Batam Island, located near Singapore and Malaysia, is a significant industrial and trade hub in Southeast Asia. Its strategic location on the busy Malacca Strait gives Batam a competitive edge in global maritime trade. Batam’s Free Trade Zone status is supported by Government Regulation No. 62 of 2019, which provides operational guidelines for the zone.
The island primarily focuses on manufacturing, electronics, and shipbuilding industries. Despite its advantages, Batam faces challenges like regulatory overlaps, land use conflicts, and infrastructure management. To maximize its potential, coordinated efforts from the local government and the Free Trade Zone Authority are crucial.
Bintan Island, officially recognized as a Free Trade Zone through Government Regulation No. 47 of 2007, benefits from special economic treatment, such as tax exemptions and simplified business regulations. The FTZ is divided into two key areas: Bintan and Tanjungpinang.
Bintan focuses on tourism, Maintenance, Repair, and Operations (MRO) industries, and maritime defense, while Tanjungpinang is centered on heritage tourism, halal industries, fisheries, and business centers.
Bintan’s integration with the Special Economic Zone (SEZ) of Galang Batang, which specializes in alumina refining, creates a powerful industrial ecosystem, offering strategic opportunities for investment in the tourism and maritime sectors.
Karimun Island is strategically positioned near the Malacca Strait, Singapore, and the Malaysian Peninsula, making it a key gateway for investment, goods, and services entering Indonesia. The island’s FTZ status has facilitated the growth of maritime services and heavy industries. Karimun’s development as an FTZ is aligned with the region’s industrial master plan and requires continued investment in infrastructure and human resources. The successful implementation of Government Regulation No. 41 of 2021 is expected to enhance Karimun’s appeal and solidify its role as a key economic player in Indonesia.7
A Free Trade Zone (FTZ) is a designated area within a country where goods can be imported, stored, manufactured, and re-exported without being subject to customs duties, tariffs, or certain other taxes and regulations. The primary goal of an FTZ is to stimulate economic growth by encouraging international trade and attracting foreign investment.

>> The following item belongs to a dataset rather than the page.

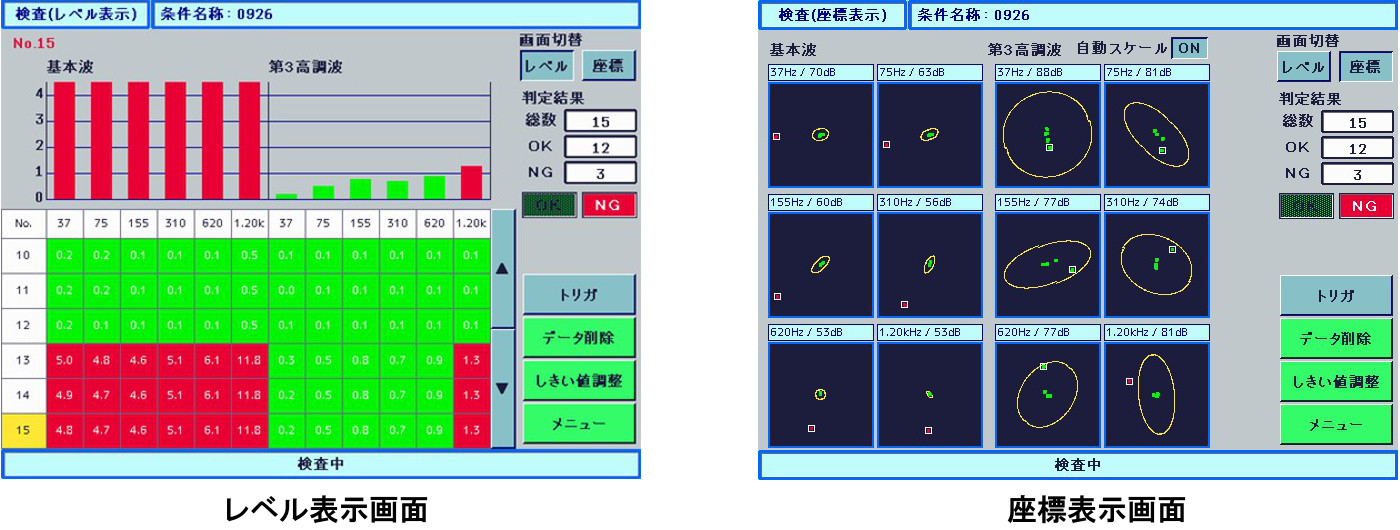 わかりやすい検査画面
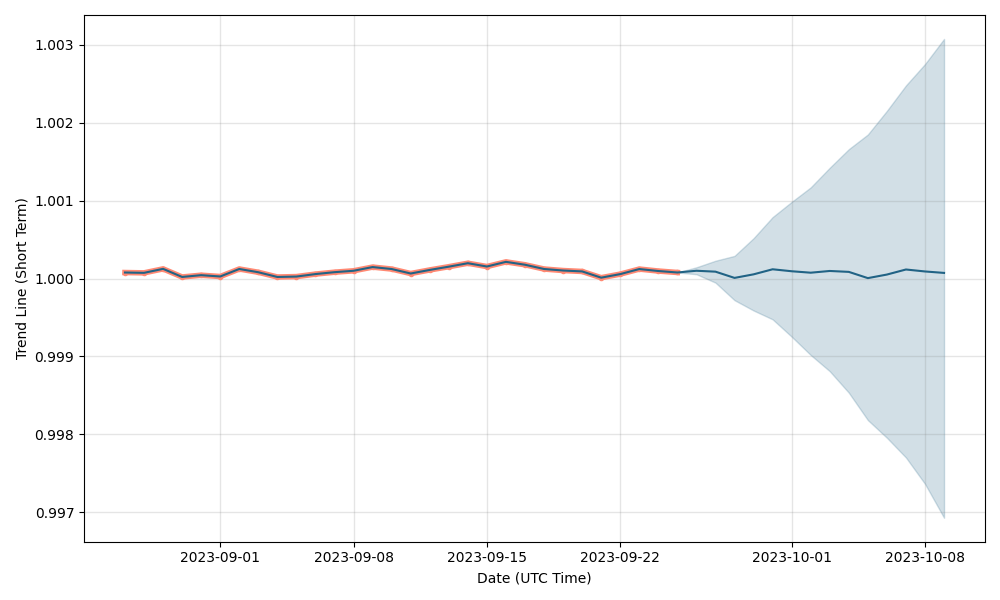 PayPal USD Price Prediction up to $ by - PYUSD Forecast -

A Kawasan Ekonomi Khusus (KEK), or Special Economic Zone, is a designated area in Indonesia aimed at fostering economic development across various sectors. KEKs offer incentives like tax breaks, streamlined regulations, infrastructure support, and sector-specific benefits to attract investment and promote growth beyond just trade and manufacturing.
Challenges like regulatory overlaps, land use conflicts, and infrastructure management issues persist. However, the Indonesian government is actively addressing these to improve the business climate within these zones.
The Indonesian government supports FTZFPs through legislation, infrastructure investment, and economic incentives. Regulations like Government Regulation No. 62 of 2019 for Batam aim to streamline operations and attract foreign investors.
Businesses looking to operate in an FTZFP should first select the zone that suits their industry and objectives. They can then connect with the relevant Free Trade Zone Authority or local government to learn about the application process, incentives, and regulatory requirements.